Is the test time the phase when the model's accuracy is calculated with test data set?

3

When papers talk about the "test time", does this mean the phase when the model is passed with new data instances to derive the accuracy of the test data set? Or is "test time" the phase when the model is fully trained and launched for real-world input data?

MJimitater

Posted 2020-05-13T08:55:40.750

Reputation: 133

Answers

2

If it is not defined otherwise, testing is the phase where the model is passed with new data instances to derive the score of the test set. It should not be confused with validation set.

A validation dataset is a sample of data held back from training your model that is used to give an estimate of model skill while tuning model’s hyperparameters during training. There are a lot of methods of validation with k-fold cross-validation being one of the most popular.

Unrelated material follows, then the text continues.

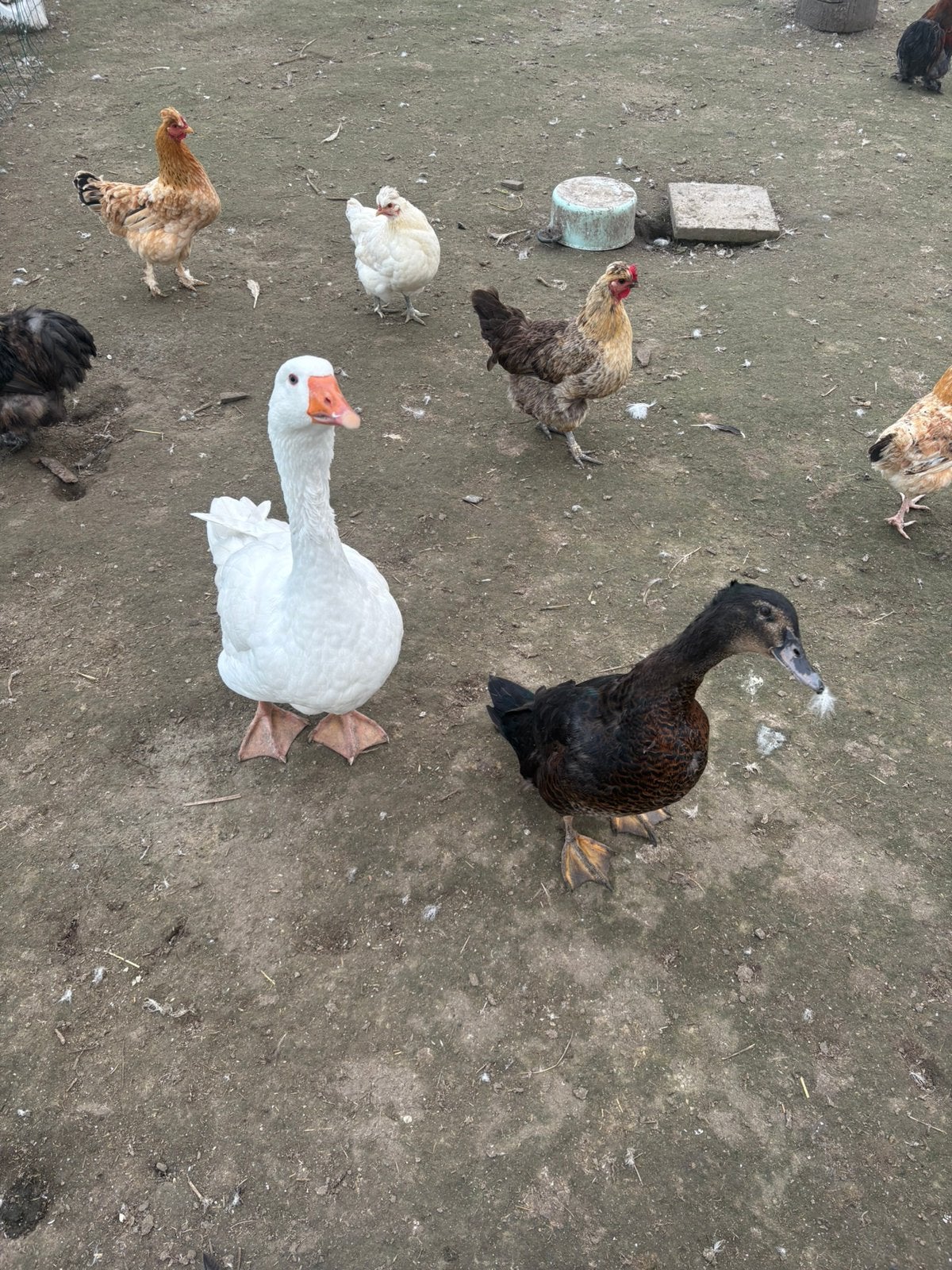 Eenden en ganzen, Dieren en Toebehoren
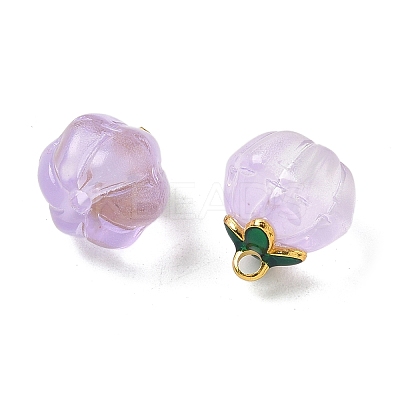 Glass Charms GLAA-P072-04G-05-1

In k-fold cross-validation, the original training set is randomly partitioned into k equal sized subsamples. Of the k subsamples, a single subsample is retained as the validation data for validating the model, and the remaining k − 1 subsamples are used as training data. The cross-validation process is then repeated k times, with each of the k subsamples used exactly once as the validation data for the each epoch. The k results can then be averaged to produce a single estimation. The advantage of this method over repeated random sub-sampling is that all observations are used for both training and validation, and each observation is used for validation exactly once.

The validation dataset is different from the test set that is also held back from the training of the model, but is instead used to give an unbiased estimate of the skill of the final tuned model when comparing or selecting between final models.

ddaedalus

Posted 2020-05-13T08:55:40.750

Reputation: 440